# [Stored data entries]
○ ○ ○ ○

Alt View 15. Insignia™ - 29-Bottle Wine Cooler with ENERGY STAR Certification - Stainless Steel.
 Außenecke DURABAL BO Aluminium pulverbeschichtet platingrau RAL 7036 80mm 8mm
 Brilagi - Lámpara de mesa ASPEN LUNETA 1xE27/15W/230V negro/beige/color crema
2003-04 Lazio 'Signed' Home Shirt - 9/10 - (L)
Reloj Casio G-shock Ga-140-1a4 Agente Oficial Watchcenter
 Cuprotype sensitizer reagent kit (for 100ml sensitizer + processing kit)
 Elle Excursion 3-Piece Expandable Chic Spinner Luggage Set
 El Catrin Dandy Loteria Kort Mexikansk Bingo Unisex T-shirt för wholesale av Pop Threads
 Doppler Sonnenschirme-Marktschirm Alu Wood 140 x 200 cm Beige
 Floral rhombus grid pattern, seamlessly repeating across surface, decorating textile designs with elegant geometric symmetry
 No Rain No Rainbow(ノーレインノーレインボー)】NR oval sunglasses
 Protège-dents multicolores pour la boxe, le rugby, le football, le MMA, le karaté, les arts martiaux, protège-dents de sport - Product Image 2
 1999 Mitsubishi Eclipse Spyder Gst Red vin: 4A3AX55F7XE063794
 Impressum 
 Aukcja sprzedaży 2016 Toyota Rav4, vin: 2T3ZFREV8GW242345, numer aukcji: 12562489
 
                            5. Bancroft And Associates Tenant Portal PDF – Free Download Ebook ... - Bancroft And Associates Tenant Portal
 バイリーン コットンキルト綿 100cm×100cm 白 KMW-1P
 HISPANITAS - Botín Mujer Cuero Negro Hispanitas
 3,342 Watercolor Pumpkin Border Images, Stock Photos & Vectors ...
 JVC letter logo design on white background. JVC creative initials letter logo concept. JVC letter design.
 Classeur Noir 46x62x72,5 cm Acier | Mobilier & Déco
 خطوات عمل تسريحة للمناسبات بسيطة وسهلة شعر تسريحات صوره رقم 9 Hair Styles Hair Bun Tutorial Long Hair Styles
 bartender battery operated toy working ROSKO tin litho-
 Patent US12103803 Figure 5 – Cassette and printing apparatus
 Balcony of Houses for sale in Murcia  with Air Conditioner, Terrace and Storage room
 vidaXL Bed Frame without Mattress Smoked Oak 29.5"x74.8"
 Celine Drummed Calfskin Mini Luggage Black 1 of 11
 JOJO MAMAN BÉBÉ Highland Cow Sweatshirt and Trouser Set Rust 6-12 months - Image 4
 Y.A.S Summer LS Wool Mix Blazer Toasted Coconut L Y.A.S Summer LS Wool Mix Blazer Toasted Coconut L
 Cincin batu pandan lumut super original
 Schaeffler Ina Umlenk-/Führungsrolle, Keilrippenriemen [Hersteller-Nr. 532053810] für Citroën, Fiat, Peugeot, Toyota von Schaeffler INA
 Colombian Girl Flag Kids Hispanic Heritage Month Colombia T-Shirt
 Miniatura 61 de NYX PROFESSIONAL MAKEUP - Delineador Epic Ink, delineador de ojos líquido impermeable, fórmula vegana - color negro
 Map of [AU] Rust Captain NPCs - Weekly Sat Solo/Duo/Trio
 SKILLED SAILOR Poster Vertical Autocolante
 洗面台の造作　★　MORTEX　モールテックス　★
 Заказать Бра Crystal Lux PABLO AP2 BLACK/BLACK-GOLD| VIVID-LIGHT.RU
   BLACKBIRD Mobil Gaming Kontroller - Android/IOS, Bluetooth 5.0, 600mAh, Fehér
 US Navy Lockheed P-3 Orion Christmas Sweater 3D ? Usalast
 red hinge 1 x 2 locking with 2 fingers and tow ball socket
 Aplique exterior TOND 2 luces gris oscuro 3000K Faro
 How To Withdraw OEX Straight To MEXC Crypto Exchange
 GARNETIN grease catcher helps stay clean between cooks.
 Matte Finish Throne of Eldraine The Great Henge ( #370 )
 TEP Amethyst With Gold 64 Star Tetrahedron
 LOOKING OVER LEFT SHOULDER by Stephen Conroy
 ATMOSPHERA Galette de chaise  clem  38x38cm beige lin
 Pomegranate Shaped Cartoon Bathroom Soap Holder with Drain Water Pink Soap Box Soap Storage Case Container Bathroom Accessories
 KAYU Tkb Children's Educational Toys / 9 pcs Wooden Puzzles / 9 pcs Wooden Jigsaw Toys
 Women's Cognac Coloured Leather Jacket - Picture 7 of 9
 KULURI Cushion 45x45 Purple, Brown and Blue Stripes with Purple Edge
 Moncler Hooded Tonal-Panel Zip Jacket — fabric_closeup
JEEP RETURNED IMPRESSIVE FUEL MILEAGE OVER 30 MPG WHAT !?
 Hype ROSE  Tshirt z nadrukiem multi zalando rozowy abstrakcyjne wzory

○ ○ ○ ○

# [What is needed]
Every line above that carries the string "Storage" should be copied.

# [Response to this exercise]
 Balcony of Houses for sale in Murcia  with Air Conditioner, Terrace and Storage room
 Pomegranate Shaped Cartoon Bathroom Soap Holder with Drain Water Pink Soap Box Soap Storage Case Container Bathroom Accessories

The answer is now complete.